Joenes pudo ver hileras y más hileras de cañones, de minas, de metralletas, de alambradas, de búnkers, extendiéndose interminablemente hasta el horizonte bajo la apariencia de granjas, pueblos, ciudades, troikas, droshkys… Sin embargo, todo aquel territorio estaba desierto, lo cual le hizo recordar lo que había oído acerca de la situación en la Europa occidental.
De regreso al aeropuerto de Moscú, los rusos descendieron del aparato, tras desearle a Joenes un buen viaje.
Pero, antes de su partida, el camarada Slavski le dijo:
—No olvide, amigo mío, que todos los hombres somos hermanos. Oh, puede usted reírse de los buenos sentimientos expresados por un borrachón como yo, que ni siquiera es capaz de hacer correctamente lo que se le pide. No me enfadaré si se echa usted a reír a carcajadas, como tampoco me enfadé ayer, cuando mi jefe, Rosskolenko, me tiró de la oreja amenazándome con que perdería mi empleo si volvía a presentarme borracho a la oficina. No odio a Rosskolenko, amo a ese terrible hombre como a un hermano, aun sabiendo que cualquier día volveré a emborracharme y me despedirá. Pero entonces, me pregunto, señores, ¿qué le ocurrirá a mi pobre mujer, que llora día y noche, y que reza tendida en el sofá del salón? ¿Qué le ocurrirá a mi hija mayor, Grustikaya, que plancha pacientemente mis camisas y ni siquiera me insulta cuando le robo sus ahorros para ir a beber? Ya me doy cuenta de que usted me desprecia, pero no se lo reprocho. Nadie es más despreciable que yo. Pueden ustedes abrumarme de injurias, caballeros, pero sin embargo seguiré siendo siempre un hombre cultivado, en mí florecen los buenos sentimientos, y hubo un tiempo en que tenía un brillante futuro ante mí…

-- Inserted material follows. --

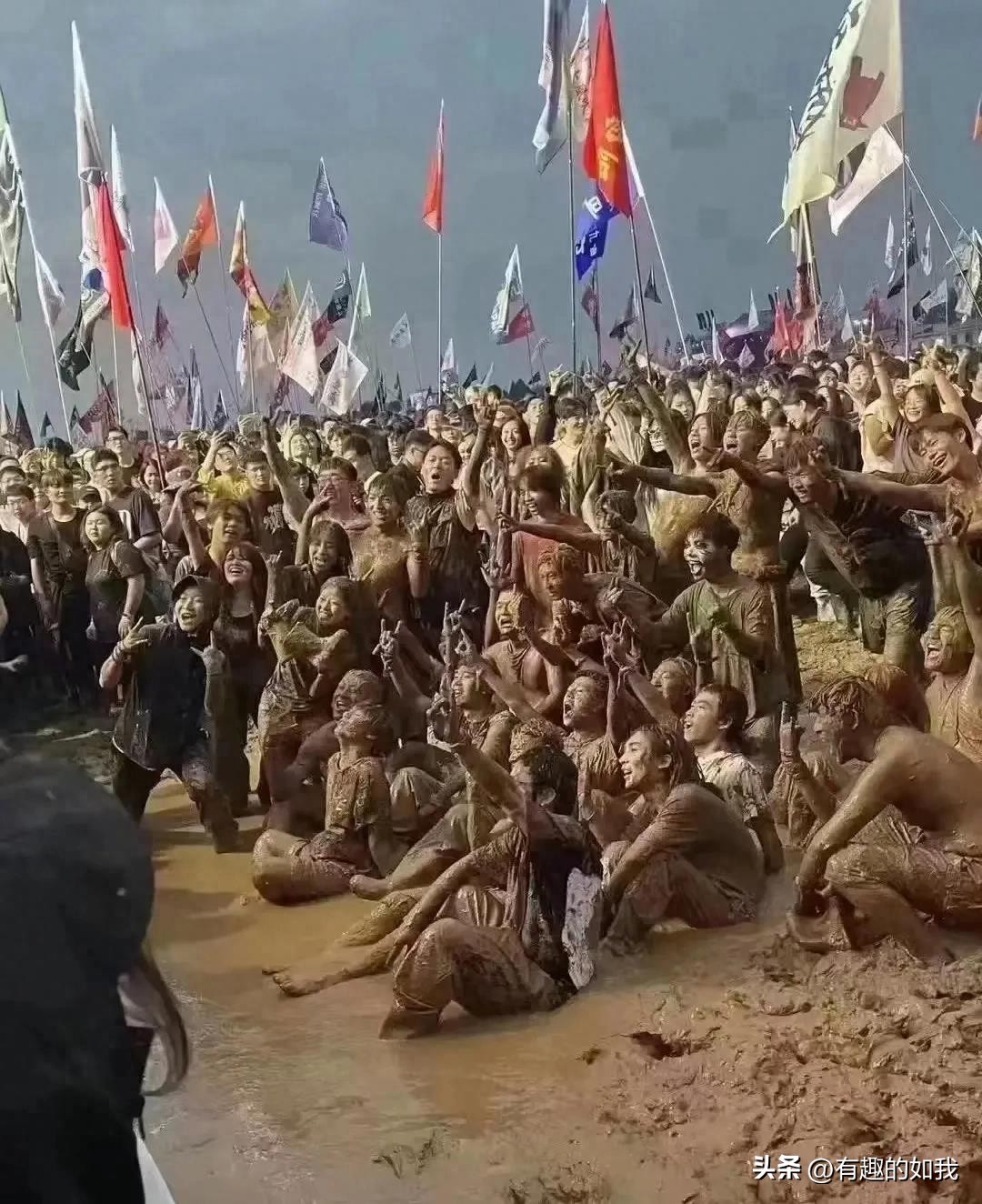 迷笛就乐迷财物被盗事件道歉,迷笛音乐节大量乐迷失窃事件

En aquel momento el avión de Joenes despegó, y este no pudo oír el final del discurso de Slavski, en el caso de que ese discurso tuviera algún final.
Joenes reflexionó largamente sobre todo lo que había visto y oído. Necesitó un buen tiempo para darse cuenta de que la guerra no era inevitable, que ni siquiera era una posibilidad en las actuales circunstancias. Las potencias del caos se habían abatido sobre Rusia y China, al igual que sobre toda la Europa oriental. Pero no existía ninguna razón para que lo mismo se produjera también en América.
Joenes envió este mensaje, con todos los detalles, para que le precediera en su camino a Washington.